───── Dataset excerpt

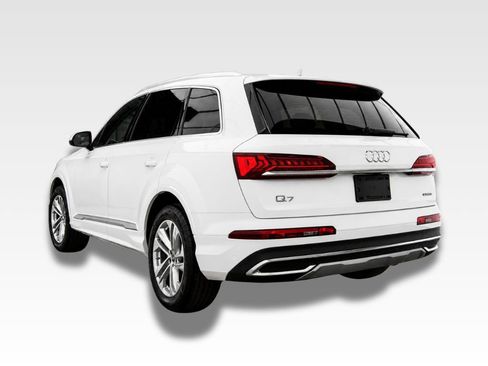 Used 2022 Audi Q7 3.0T Premium Plus AWD/4WD image 3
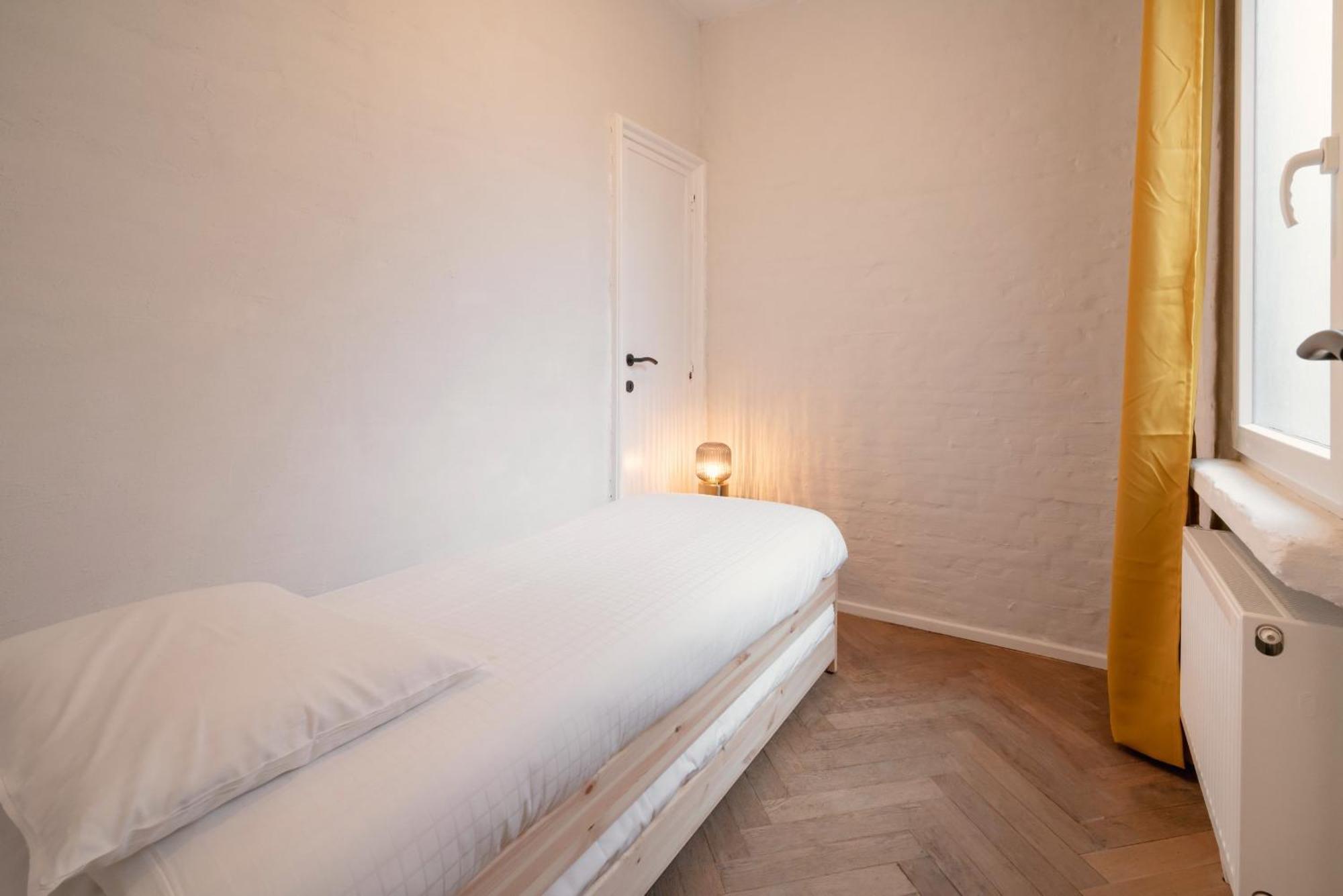 Charming And Spacious Apartments In The Heart Of Anvers Exterior foto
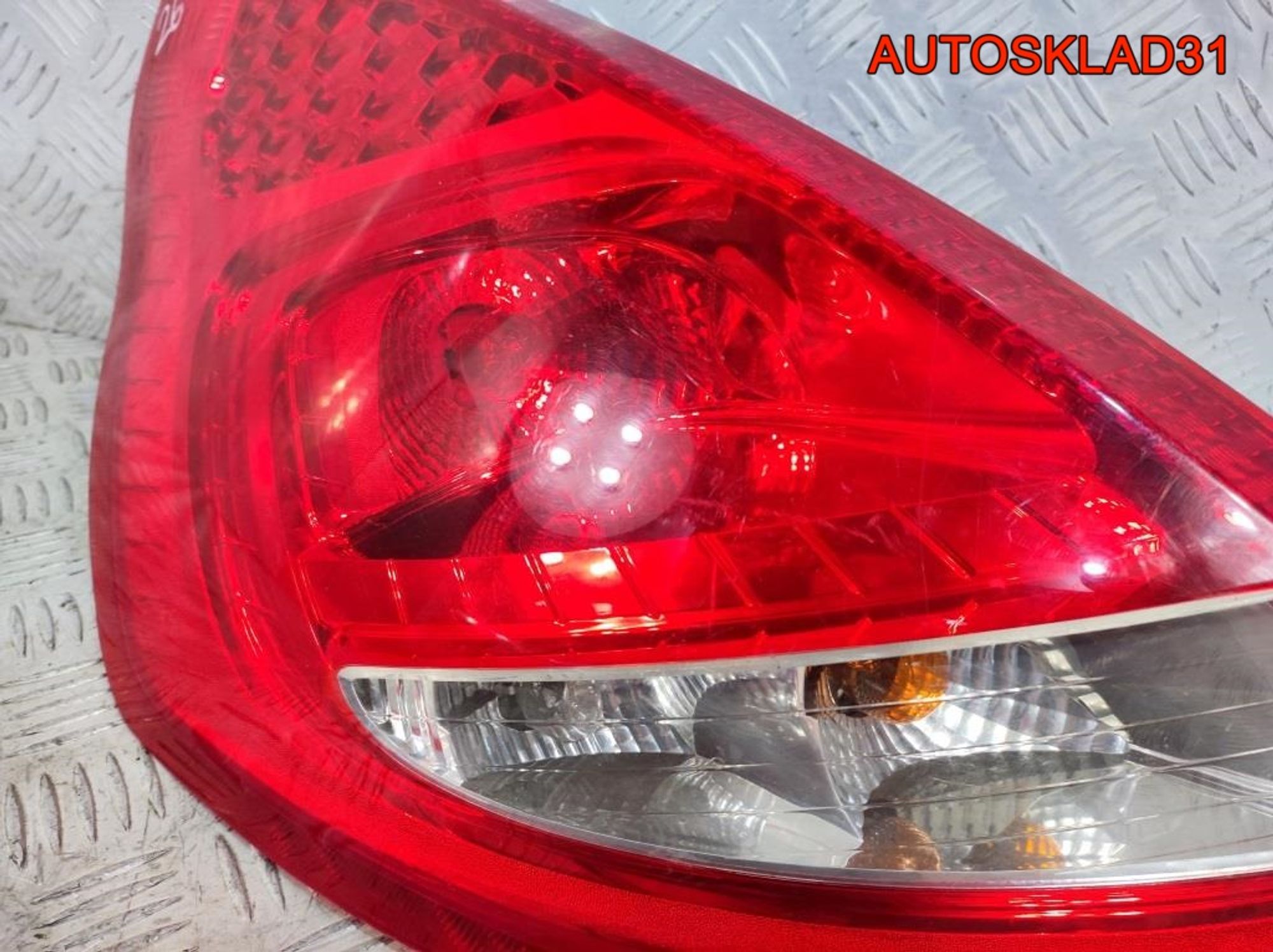 https://gcs.partsauto.market/rn-stockpro.appspot.com/thmbs/userImages/edda01b21c13eaa6671738306aa09410/part/e78bc458-79f9-4387-a148-a6b200a23aa6_1708679613708.jpg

──────────

- [What needs to be done] Reproduce every line above exactly as written, omitting the images.

- [Response]
 Used 2022 Audi Q7 3.0T Premium Plus AWD/4WD image 3
 Charming And Spacious Apartments In The Heart Of Anvers Exterior foto
 https://gcs.partsauto.market/rn-stockpro.appspot.com/thmbs/userImages/edda01b21c13eaa6671738306aa09410/part/e78bc458-79f9-4387-a148-a6b200a23aa6_1708679613708.jpg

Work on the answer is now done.